El PP emprendió una carrera prometedora en el Congreso de Sevilla (1990) y de ahí, no de manera inmediata, surgieron las victorias de Aznar, con un partido renovado, estudioso y trabajador que supo ofrecer un programa reformista ambicioso y gobernar luego con bastante buen tino, como lo demostró la mayoría absoluta del 2000 tras cuatro años de gobierno. Luego, Rajoy se hizo con los mandos en el congreso de Valencia (2008) en el que se dio un giro político importante al consagrar una especie de partido ensimismado en el que no cupiesen ni liberales ni conservadores, solo peperos una especie oportunista pero poco afortunada, y así les va. La era de Rajoy acabo como se sabe, con el centro derecha dividido y con un bajón de votos millonario del que el partido todavía no se ha recuperado.
Del trauma del voto de censura que colocó en la Moncloa a Sánchez se salló hacia ninguna parte con Pablo Casado y luego, tras un proceso bien dramático, con Feijóo, en ambos casos sin una palabra de política, sin el menor programa ni la mínima explicación, con la ingenua y loca esperanza en la victoria a la vista del desastre de Sánchez. El hecho de que no se hayan cumplido las expectativas debiera llevar a preguntarse por las razones del fracaso, a tratar de eliminar los estigmas que impiden al PP volver a acercarse a una mayoría electoral suficiente, pero no está siendo así.
El PP tiende a la autocomplacencia y confía muy poco en el debate abierto, una estrategia con la que se empequeñece de continuo. En ocasiones trata de suplir esa carencia recurriendo a la movilización, a hacer lo que, en apariencia hace la izquierda, con el éxito que no es necesario subrayar. Esto supone olvidar que se enfrenta a un partido que tiene planes, los debate, los escribe con cierta claridad en sus documentos políticos, no improvisa. Frente a esa evidencia el PP es un partido sin políticas, nadie sabe gran cosa sobre sus intenciones y muchos temen, y ahí se funda otra de sus carencias, que lo único que le mueve es alcanzar el poder, aunque se muestra bastante torpe en conseguirlo.

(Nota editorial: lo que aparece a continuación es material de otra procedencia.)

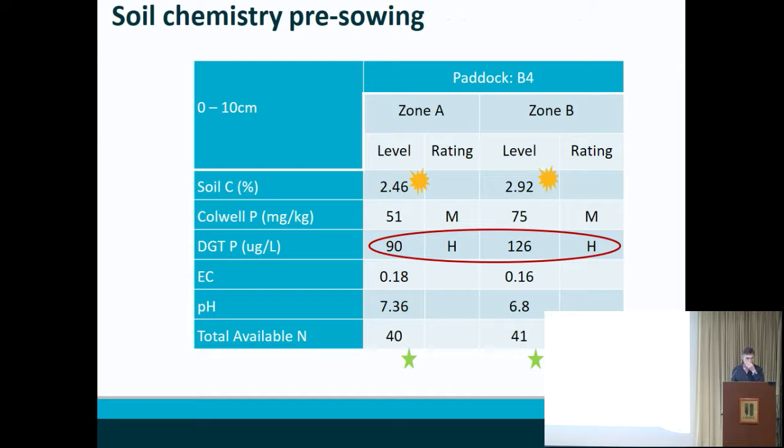Because we have the soil chemistry, we can start exploring aspects of that. In this particular instance, we had very good levels of organic carbon by Australian standards, very high levels of phosphorus, and good availability of nitrogen. So there didn't appear to be any particular issue with soil chemistry.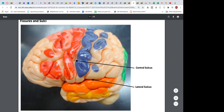The post-central gyrus is called the primary somatosensory area and the pre-central gyrus is the primary somatic motor area — also called the motor strip and the sensory strip. The pre-central gyrus is part of the frontal lobe, and the post-central gyrus is part of the parietal lobe. The central sulcus delineates and separates the two.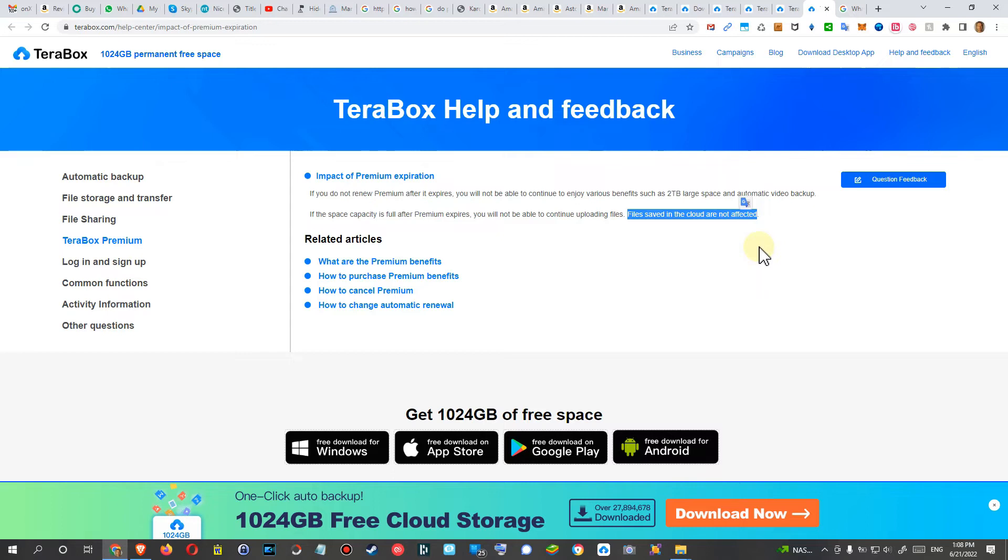This is really nice, really good. I would say really professional attitude here from TeraBox. And the only thing, the only problem which you will have,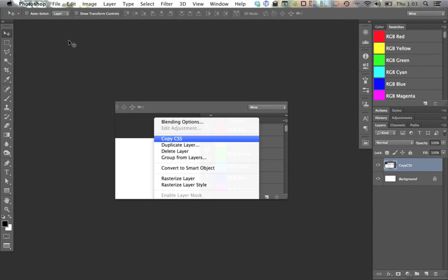Hello, this is Josh Johnson with PSD Tuts, and I'm continuing my discussion of Photoshop 13.1. The next new feature that we're going to look at is one that I'm pretty excited about: the ability to convert Photoshop layer styles to CSS.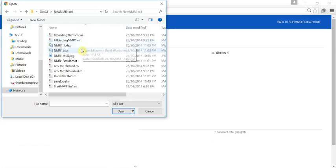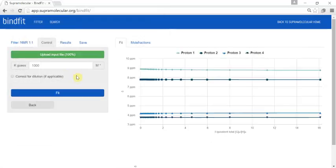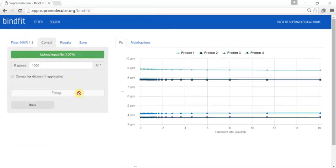You press upload the file and find your file, which is in a simple Excel format. Once it's on the screen you can see the raw data and then you can press fit.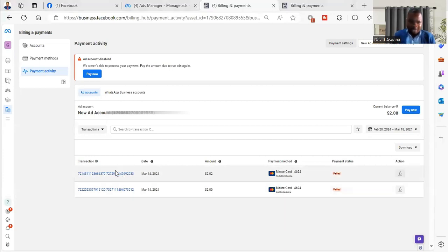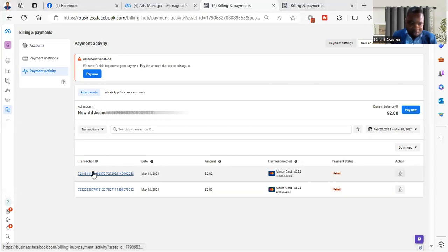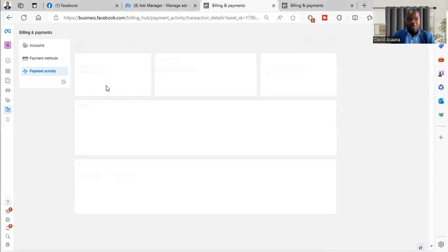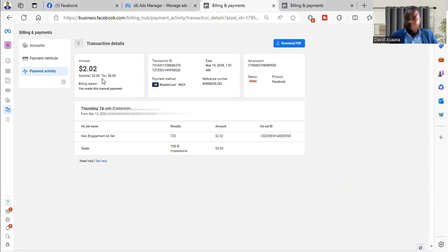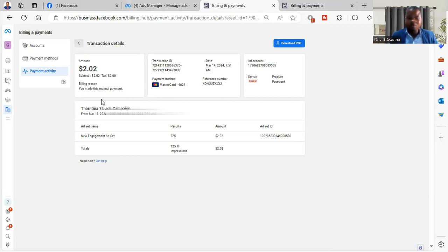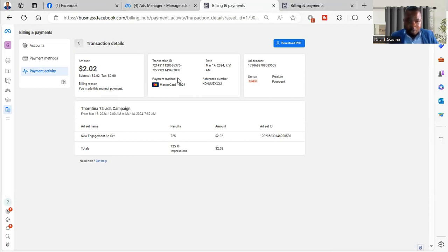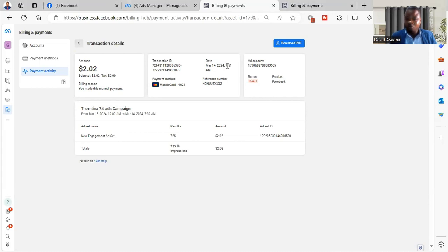If I come here and then click on this blue thing, it will tell me the details of the transaction, the time they tried to do the payment. The billing reason is that they are claiming is the manual payment, though it could be an automatic one. When you also check the date, it says March 14, 2024, the time was 7:51 a.m.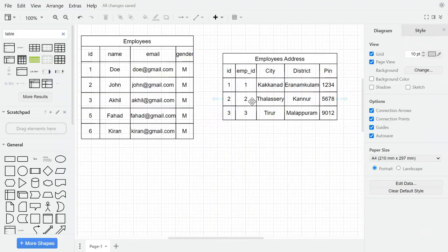There are different items here from the Employee Address table. We will get the inner join user details with the address.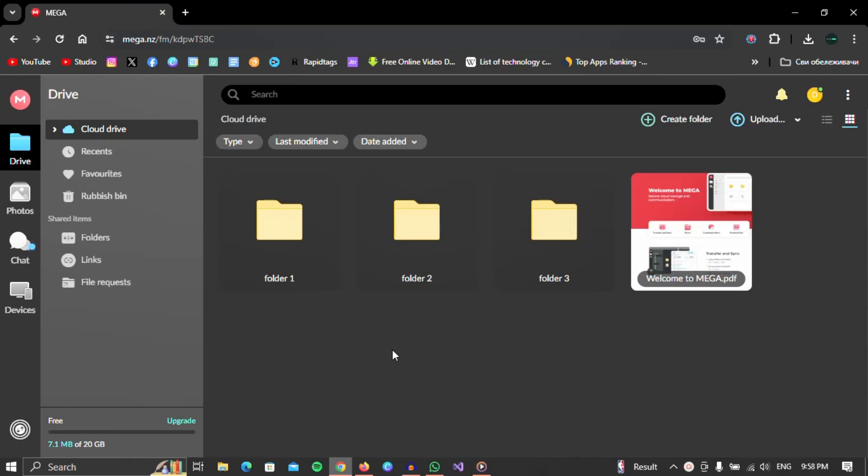When Mega has opened, a screen similar to this one will await you. Here you can see all your current files or folders.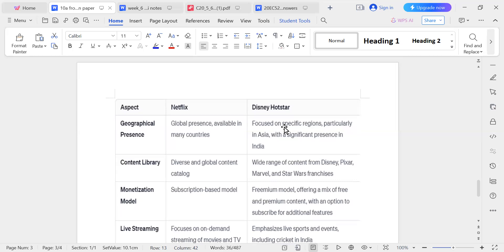The second aspect is content library. Netflix has a variety of shows and movies from all over the world. But Disney Hotstar has a wide range of content from popular franchises like Disney, Marvel, and Star Wars. Netflix is global in content, while Disney Hotstar focuses on franchise-based content.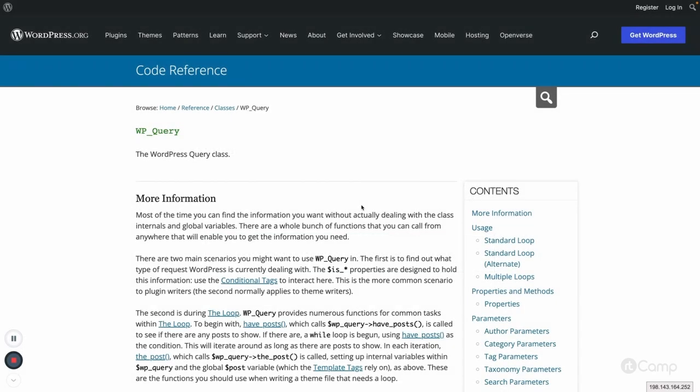Hello friends. In this video we will learn about WP_Query. I will give you an in-depth workflow of WP_Query in WordPress. WP_Query is used to fetch the posts or content from the database and display it on the front end.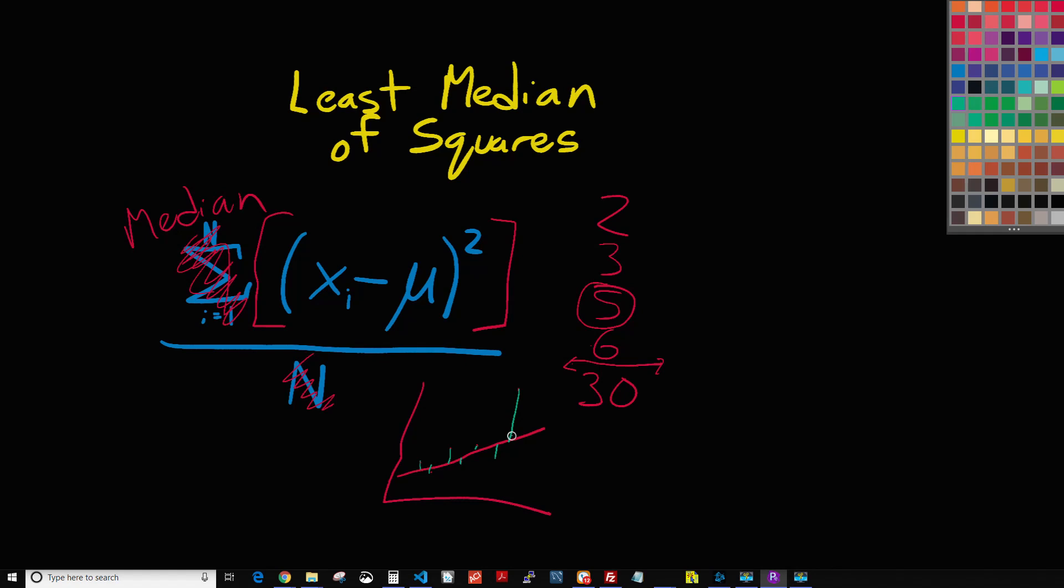But when we're dealing with least median of squares, then that impact is not nearly as significant. And so we basically get equal weight on all the data points rather than more weight on the ones with the larger error. And so that's an example of how least median of squares is not as affected by outliers, and what we would say is it's robust to outliers.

Si quiere cambiar la situación, el PP está obligado a pensar más y mejor, a confiar en sus votantes y en sus militantes, a sacar de su poderosa implantación territorial una enorme información que le permita formular planes ambiciosos, distintos a un seguimiento retrasado de la vieja izquierda. Por cierto, que ha resultado penoso ver a dirigentes del PP elogiando o añorando el felipismo, haciendo cierto el diagnóstico de Dalmacio Negro de que la derecha tiende a ser una izquierda envejecida.
Lejos de posponer sus congresos debiera imitar al partido conservador británico que celebra uno al año de manera inexorable y que en ello funda su vitalidad, no en el supuesto carisma del líder circunstancial. Sólo cuando el PP vuelva a tomarse la democracia en serio se convertirá en un partido distinto, en una verdadera alternativa. De una buena vez debiera entender que a los españoles no nos importa gran cosa quién está al frente del partido, sino que sea una fuerza capaz de suscitar un apoyo electoral muy mayoritario, idónea para librarnos de esa inmersión persistente y asfixiante en la cultura política de la izquierda.
Eso sólo será posible si no se limita a ser el PP, sino si vuelve a ser un partido abierto y bien armado que se caracterice por las políticas realistas, ambiciosas y bien testadas que consiga imaginar y proponer, algo que nunca lograrán cuatro o cinco cabezas de huevo encerradas en Génova fatalmente condenados a que el partido se jibarice hasta ser una mera coya de repetidores y aplaudidores de las ocurrencias del que manda, por más que sean ideas torpes y perezosas que ya se ha visto que no conducen a nada de provecho para los españoles que querrían ver y vivir una España distinta a la que ahora padecemos.